There are two different **type of models**:
- *Open Domain* - They do not require a passed context
- *Reading Comprehension* - They find the answer within a given context

Such models can work in two different **approaches**:
- *Open Book* - The model can access external source of information
- *Closed Book* - The model can only access what has been encoded in its paramters

The **Components** of an Open Domain Q&A are:
- *Retriever* - It finds relevant contexts from an external source given the question (This is the component that differentiate an Open Domain from a Reading Comprehension)
- *Reader* - It locates the position in the context where the answer to the question is (alternatively there can be a *Generator*)
- *Generator*



## Datasets

### SQuAD 2.0

The SQuAD (Stanford Question and Answering Dataset) is a hugely popular dataset containing question and answer pairs scraped from Wikipedia, covering topics ranging from Beyonce, to Physics. 
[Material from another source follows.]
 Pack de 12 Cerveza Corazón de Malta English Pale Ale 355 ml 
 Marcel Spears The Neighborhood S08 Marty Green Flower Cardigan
It is possible to retrieve both the Training and Dev set at this [link](https://rajpurkar.github.io/SQuAD-explorer/).

In [1]:
# Import Standard Libraries
import json

In [2]:
# Read data
with open('./../../../data/squad_train_v2.0.json', 'rb') as file:
    squad_train_data = json.load(file)

with open('./../../../data/squad_dev_v2.0.json', 'rb') as file:
    squad_dev_data = json.load(file)

In [3]:
squad_train_data['data'][0]['paragraphs'][0] # First data are about Beyonce

{'qas': [{'question': 'When did Beyonce start becoming popular?',
   'id': '56be85543aeaaa14008c9063',
   'answers': [{'text': 'in the late 1990s', 'answer_start': 269}],
   'is_impossible': False},
  {'question': 'What areas did Beyonce compete in when she was growing up?',
   'id': '56be85543aeaaa14008c9065',
   'answers': [{'text': 'singing and dancing', 'answer_start': 207}],
   'is_impossible': False},
  {'question': "When did Beyonce leave Destiny's Child and become a solo singer?",
   'id': '56be85543aeaaa14008c9066',
   'answers': [{'text': '2003', 'answer_start': 526}],
   'is_impossible': False},
  {'question': 'In what city and state did Beyonce  grow up? ',
   'id': '56bf6b0f3aeaaa14008c9601',
   'answers': [{'text': 'Houston, Texas', 'answer_start': 166}],
   'is_impossible': False},
  {'question': 'In which decade did Beyonce become famous?',
   'id': '56bf6b0f3aeaaa14008c9602',
   'answers': [{'text': 'late 1990s', 'answer_start': 276}],
   'is_impossible': False},
  {'q

In [4]:
# Retrieve all the Q&A pairs
q_a_train_data = []

# Loop through groups -> paragraphs -> qa_pairs
for group in squad_train_data['data']:
    for paragraph in group['paragraphs']:

        # Retrieve context
        context = paragraph['context']

        for qa_pair in paragraph['qas']:

            # Retrieve question
            question = qa_pair['question']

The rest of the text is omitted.